Sutton's design work for industry includes Heal's, Dunn's and Liberty (1966); Crown Wallcoverings (1978); work on ‘The Wales Collection’ for The Wales Craft Council/Welsh Woolen Association (1984-5); and collections for Early's of Witney (1987). In 1989-90, Sutton designed two collections each year with Junichi Arai, Japan, and has undertaken freelance commissions with companies including Ralph Lauren (1990 to present). From 1985, she has been an enthusiastic passenger on container ships and has circled the world four times.

==Ann Sutton Foundation==
In 1999, she set up the Ann Sutton Foundation, which was housed in premises which Sutton bought and renovated, adjacent to her Arundel studio and home. She had long held that talented young woven textile artists needed a period of guided transition between graduate study and the working world. Consequently, the Foundation set out to provide not only advanced tuition and research, but also the vocational training that would enable them to become professionally self-supporting. The Foundation, supported by the Arts Council, was established as a registered charity with a board of trustees.

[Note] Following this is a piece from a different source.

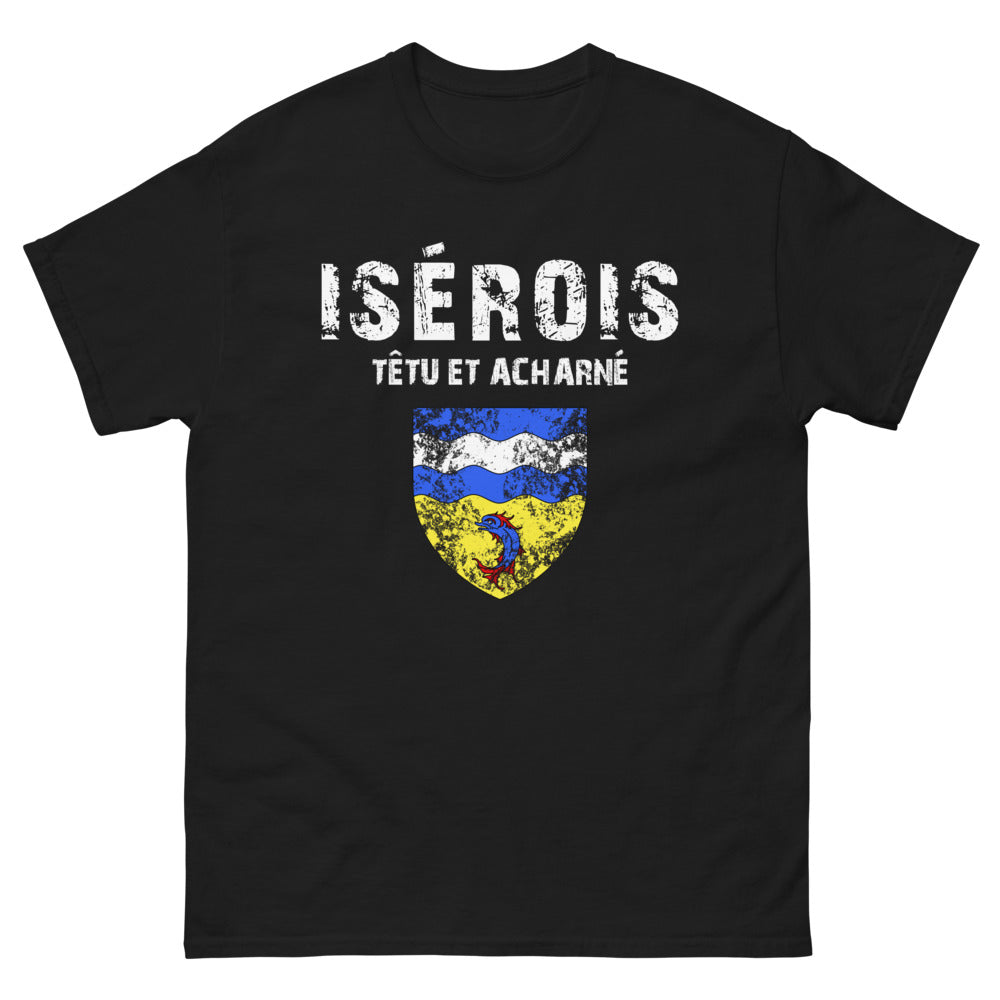 T-shirt Isérois noir - Têtu et Acharné avec humour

Fellowships were awarded competitively for graduates under the age of 29 and in financial need. An early relationship with the Royal College of Art was established and accommodation was provided in addition to a stipend, tuition and studio space. Early fellows included Margo Selby and Laura Thomas. Increasingly, however, art colleges themselves began to adopt aspects of the Ann Sutton Foundation model, and this combined with the high costs and increasing difficulty of attracting philanthropy for the Foundation, led to its closure ten years later, in 2009.

== My Bones Are Woven ==
The documentary film about Sutton: “My Bones Are Woven”, directed by Jane Mote and Joshua Kershaw (UK, 2022, 74 minutes), was screened as part of “Ann Sutton in Words and Film”, staged by the British Library, London, on 18 November 2022.  Speakers included Ann Coxon, Curator of International Art at Tate Modern.

==Publications==
- Sutton, Ann and Pat Holtom. Tablet Weaving. London: Batsford, 1975.
- Sutton, Ann, Peter Collingwood, and Geraldine St. Aubyn Hubbard. The Craft of the Weaver. London: BBC Publications, 1982.
- Sutton, Ann. The Structure of Weaving. London: Hutchinson, 1982.
- Sutton, Ann and Richard Carr. Tartans. London: Bellew Publishing,1984.
- Sutton, Ann. British Craft Textiles. London: Collins, 1985.
- Sutton, Ann. Colour and Weave. London: Bellew Publishing and Asheville, NC: Lark, 1985.
- Sutton, Ann. The Textiles of Wales. London: Bellew Publishing, 1987.
- Sutton, Ann. and Diane Sheehan, Ideas in Weaving. London: Batsford and Asheville, NC: Lark, 1989.
- Sutton, Ann (editor and foreword). Falcot’s Weave Companion, translations by Anne Satow, London: Bellew Publishing,1990.

==Media==
- The Craft of the Weaver, five parts, writer and presenter, BBC Television series, 1980.
- Show5 Interview with Ann Sutton for the Craft Council 2003 exhibition project
- The Maker’s Voice Interview with Ann Sutton for the Crafts Council's 2016 series
- “My Bones Are Woven”, documentary film about Ann Sutton, directed by Jane Mote and Joshua Kershaw (UK, 2022, 74 minutes).